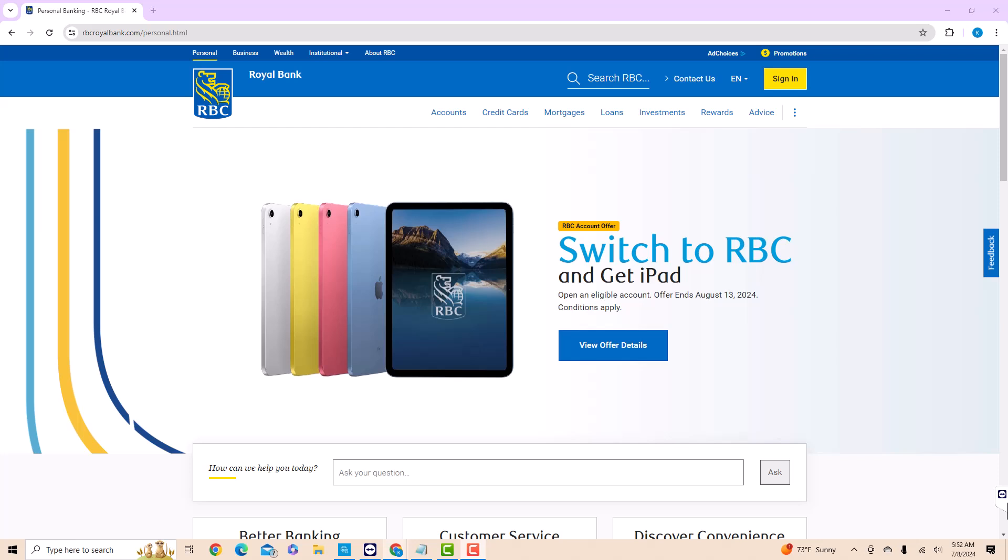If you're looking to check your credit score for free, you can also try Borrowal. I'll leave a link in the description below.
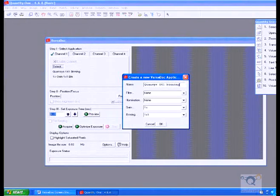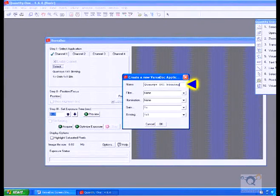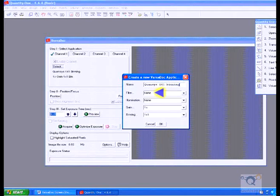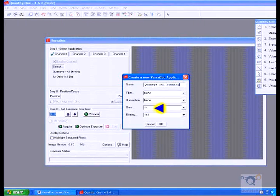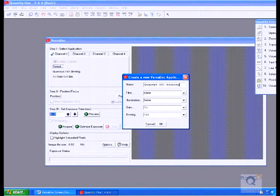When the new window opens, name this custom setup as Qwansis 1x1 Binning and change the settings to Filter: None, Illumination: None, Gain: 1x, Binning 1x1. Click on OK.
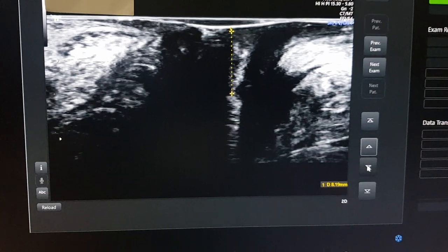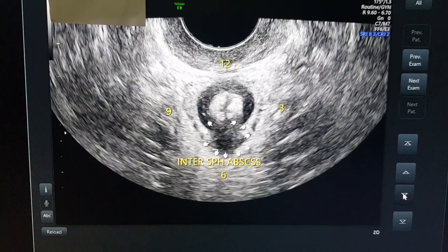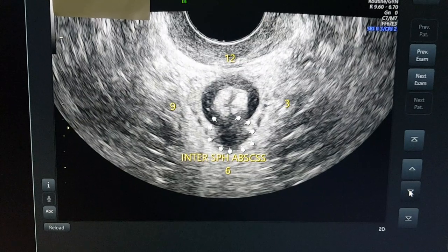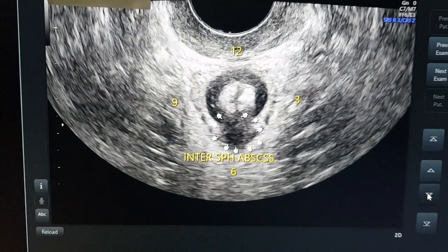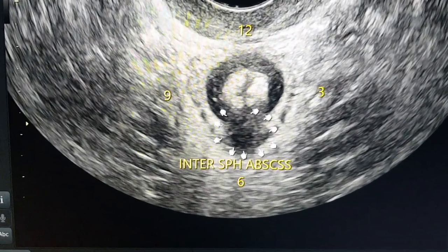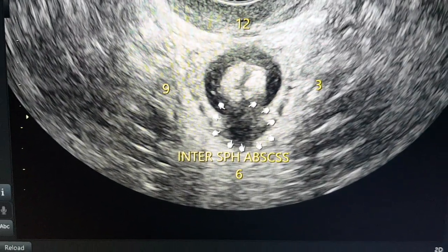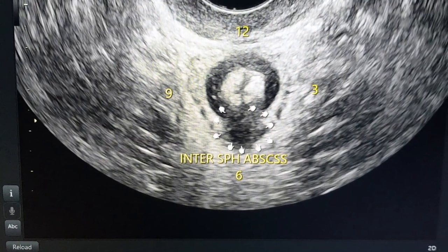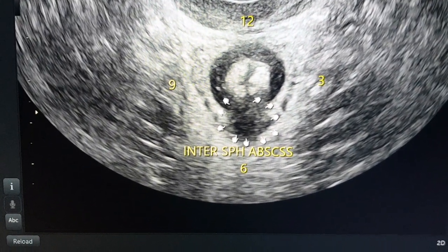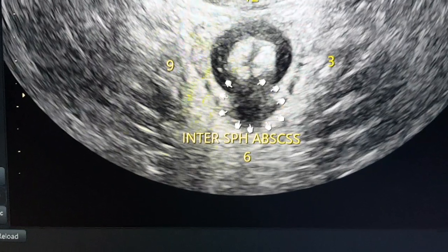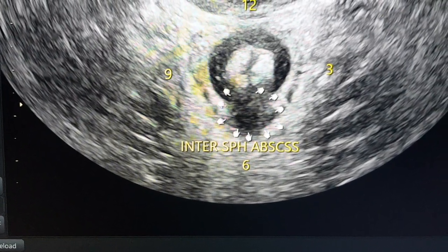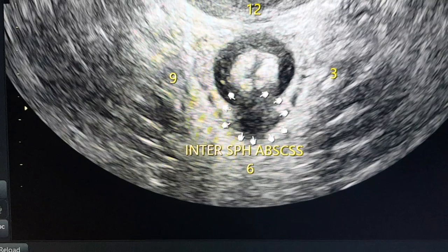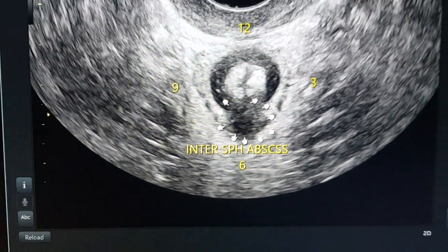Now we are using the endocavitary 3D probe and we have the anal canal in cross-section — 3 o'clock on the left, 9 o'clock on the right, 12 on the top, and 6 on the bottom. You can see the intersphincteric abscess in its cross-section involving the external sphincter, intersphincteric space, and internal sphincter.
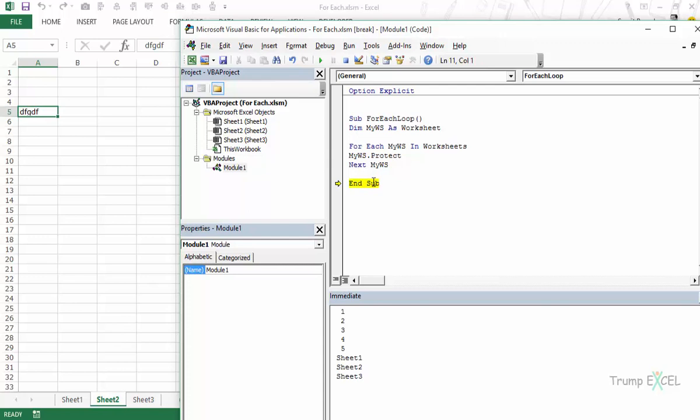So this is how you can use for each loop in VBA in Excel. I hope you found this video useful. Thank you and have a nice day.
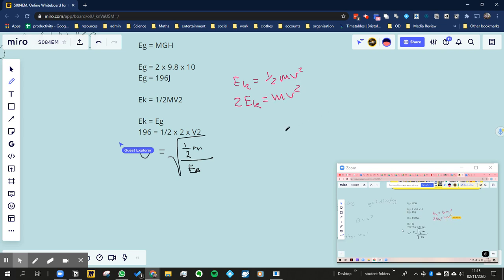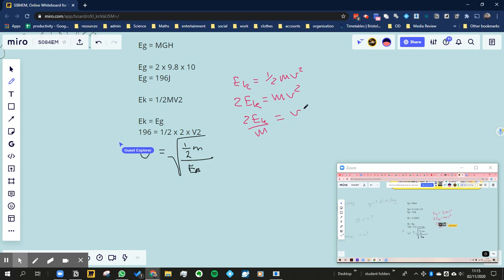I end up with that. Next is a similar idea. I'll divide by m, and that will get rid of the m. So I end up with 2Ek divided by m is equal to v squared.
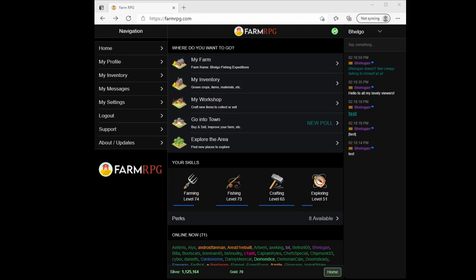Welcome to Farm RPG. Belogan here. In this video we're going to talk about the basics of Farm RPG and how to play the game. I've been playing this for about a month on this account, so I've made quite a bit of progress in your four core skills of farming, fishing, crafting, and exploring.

Task directions> Nothing should appear in the answer except the lines from the one containing "Now we are using" through the last line of the listing, given again exactly and with no pictures.

Exercise response>
Now we are using the endocavitary 3D probe and we have the anal canal in cross-section — 3 o'clock on the left, 9 o'clock on the right, 12 on the top, and 6 on the bottom. You can see the intersphincteric abscess in its cross-section involving the external sphincter, intersphincteric space, and internal sphincter.
So this is how you can use for each loop in VBA in Excel. I hope you found this video useful. Thank you and have a nice day.
I end up with that. Next is a similar idea. I'll divide by m, and that will get rid of the m. So I end up with 2Ek divided by m is equal to v squared.
Welcome to Farm RPG. Belogan here. In this video we're going to talk about the basics of Farm RPG and how to play the game. I've been playing this for about a month on this account, so I've made quite a bit of progress in your four core skills of farming, fishing, crafting, and exploring.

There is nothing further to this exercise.